In the absence of any evidence to show an intention on the part of Mrs. Bowdoin to vest the title in the passbook as a chattel in the contemplated donee, by delivery of the same, the inference that there was no such intention is unavoidable. Mrs. Bowdoin, at the same time when she gave or attempted to give $3,000 of her bank account to the hospital, gave or attempted to give $2,000 of the same bank account to her business agent and executor, Mr. Mead, and also retained $700. The situation would not have been different legally if she had attempted a distribution of $5,000 of this money to 50 different persons in $100 checks, and allowed the donee of the first check to take the passbook. The inference from such a proceeding is absolute that the intention is that the recipients of the checks shall go together or in succession to the bank and have the use of the passbook for cashing their checks, and after that the passbook is to return to its owner. At most in this case the passbook was lent There was a mere bailment.

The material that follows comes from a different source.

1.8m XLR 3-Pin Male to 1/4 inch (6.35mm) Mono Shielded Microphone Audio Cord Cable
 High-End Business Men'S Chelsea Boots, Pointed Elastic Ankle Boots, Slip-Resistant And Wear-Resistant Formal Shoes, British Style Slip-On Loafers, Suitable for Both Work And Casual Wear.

It is well settled that a gift cannot be effected by the delivery of a check upon an ordinary bank of deposit where the drawer's account is good for the amount. The reason is that until the check is cashed the drawer may stop payment. In such a case the donative purpose may be absolute when the check is given, and ten minutes, or ten hours, or ten days later, at any time before the check has been cashed, such donative purpose may be wholly changed and abrogated. The fundamental principle of the law of gifts is that the gift, to be effective, must place the thing donated beyond the control of the donor. Where a check on a bank of deposit is given for value, it often operates as an equitable assignment, but such is not the case where a check is given to the payee as a pure donation. Hopkinson v. Foster, L. R. 19 Eq. 74; 3 Pom. Eq. (3d Ed.) § 1284. See section 1148, page 2238, note 3; Beaumont v. Ewbank, [1902] 1 Ch. 889; Harris v. Clark, 3 N. Y. 93, 51 Am. Dec. 352.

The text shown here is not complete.